== Data provided ==
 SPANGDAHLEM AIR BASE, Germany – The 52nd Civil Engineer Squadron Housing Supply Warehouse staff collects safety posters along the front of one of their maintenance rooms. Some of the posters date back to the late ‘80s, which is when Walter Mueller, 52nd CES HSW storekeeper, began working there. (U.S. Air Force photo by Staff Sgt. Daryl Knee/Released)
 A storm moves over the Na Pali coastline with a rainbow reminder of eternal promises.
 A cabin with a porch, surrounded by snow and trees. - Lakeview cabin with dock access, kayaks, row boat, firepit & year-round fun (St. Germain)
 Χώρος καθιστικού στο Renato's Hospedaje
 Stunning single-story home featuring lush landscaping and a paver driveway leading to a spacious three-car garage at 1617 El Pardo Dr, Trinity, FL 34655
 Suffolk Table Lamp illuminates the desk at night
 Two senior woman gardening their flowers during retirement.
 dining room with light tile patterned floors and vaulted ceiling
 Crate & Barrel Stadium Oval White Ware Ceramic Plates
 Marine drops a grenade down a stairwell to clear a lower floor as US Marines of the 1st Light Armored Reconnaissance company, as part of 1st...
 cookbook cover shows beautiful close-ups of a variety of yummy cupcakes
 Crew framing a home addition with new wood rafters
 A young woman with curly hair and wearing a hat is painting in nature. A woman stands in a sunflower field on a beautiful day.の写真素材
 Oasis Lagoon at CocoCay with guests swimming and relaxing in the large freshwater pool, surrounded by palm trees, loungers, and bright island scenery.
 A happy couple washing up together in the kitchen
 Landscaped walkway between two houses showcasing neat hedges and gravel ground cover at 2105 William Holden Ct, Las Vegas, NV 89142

== Problem to work on ==
Beginning with the line that contains "Stunning single-story home", return every line through the end of the data above, exactly as written.

== Final answer ==
 Stunning single-story home featuring lush landscaping and a paver driveway leading to a spacious three-car garage at 1617 El Pardo Dr, Trinity, FL 34655
 Suffolk Table Lamp illuminates the desk at night
 Two senior woman gardening their flowers during retirement.
 dining room with light tile patterned floors and vaulted ceiling
 Crate & Barrel Stadium Oval White Ware Ceramic Plates
 Marine drops a grenade down a stairwell to clear a lower floor as US Marines of the 1st Light Armored Reconnaissance company, as part of 1st...
 cookbook cover shows beautiful close-ups of a variety of yummy cupcakes
 Crew framing a home addition with new wood rafters
 A young woman with curly hair and wearing a hat is painting in nature. A woman stands in a sunflower field on a beautiful day.の写真素材
 Oasis Lagoon at CocoCay with guests swimming and relaxing in the large freshwater pool, surrounded by palm trees, loungers, and bright island scenery.
 A happy couple washing up together in the kitchen
 Landscaped walkway between two houses showcasing neat hedges and gravel ground cover at 2105 William Holden Ct, Las Vegas, NV 89142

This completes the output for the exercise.